If you have got a list like this:
one two one three one two four
and you want to remove the duplicates from the list, chances are that you will end up with this result:
four one three two
Because you are using a command like:
sort -u < list.txt
or the longer form:
cat list.txt | sort | uniq
There is an easy way to keep the original order of the list and remove the duplicates in an oneliner.
For this you need to number the entries in the list with this command:
nl list.txt
If you don't have nl on your system, you can use cat -n or whatever tickles your fancy.
This will give you the list:
1 one 2 two 3 one 4 three 5 one 6 two 7 four
We will use the numbering to restore the original order when we are done removing the duplicates.

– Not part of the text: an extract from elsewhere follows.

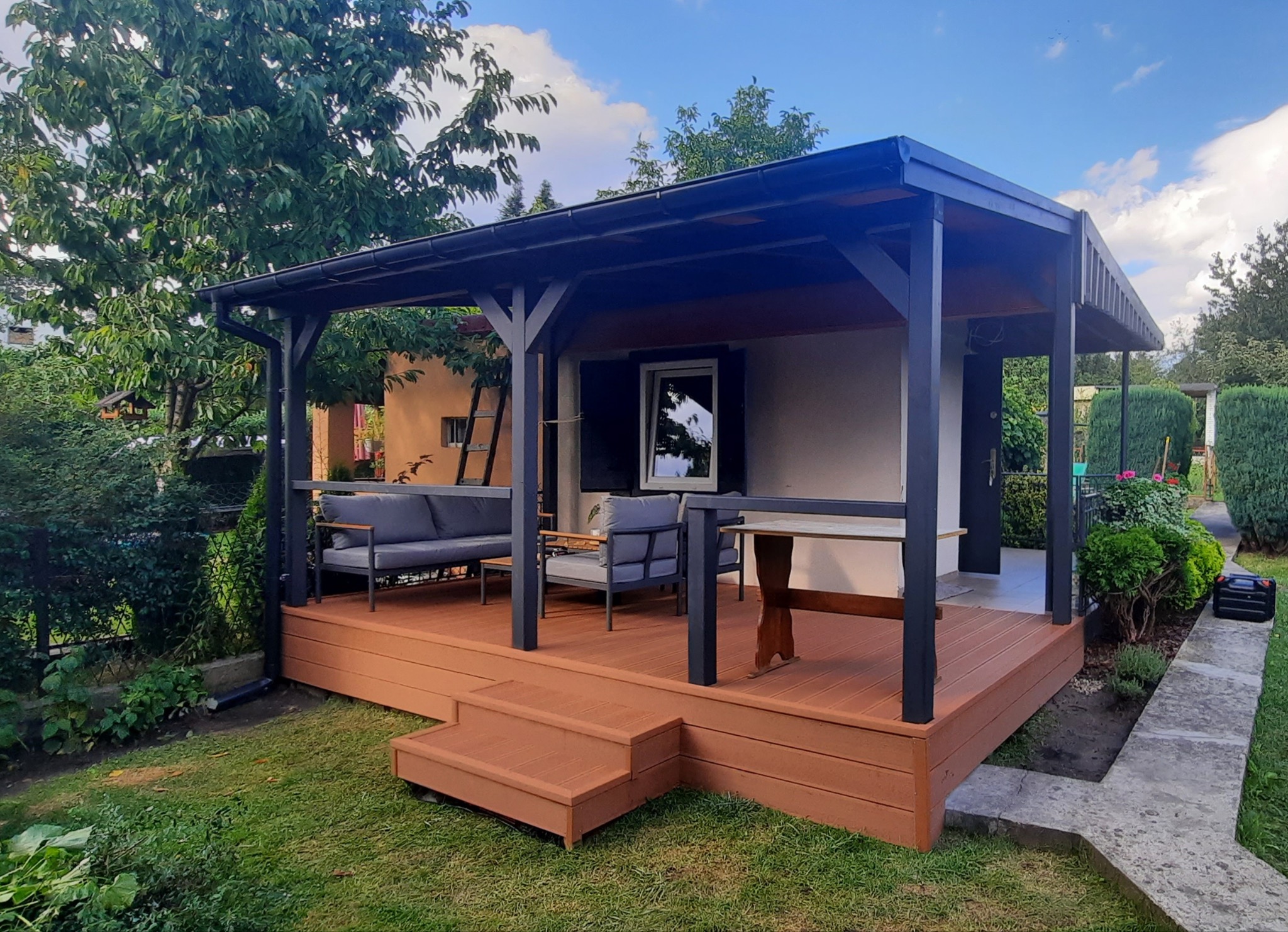 Zadaszony taras z drewnianą podłogą i czarną konstrukcją, wyposażony w szarą sofę i krzesła, z widoczną drabinką opartą o ścianę budynku w tle.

Next thing is to sort the list on the second field:
nl list.txt | sort -k2
7 four 1 one 3 one 5 one 4 three 2 two 6 two
and tell sort to remove the lines with duplicate fields:
nl list.txt | sort -k2 -u
7 four 1 one 4 three 2 two
All that is left is to restore the original order:
nl list.txt | sort -k2 -u | sort -n
1 one 2 two 4 three 7 four
and get rid of our inserted numbering:
nl list.txt | sort -k2 -u | sort -n | cut -f2-
one two three four
Imagine trying to do this on a Windows box, I wouldn't know where to start 😉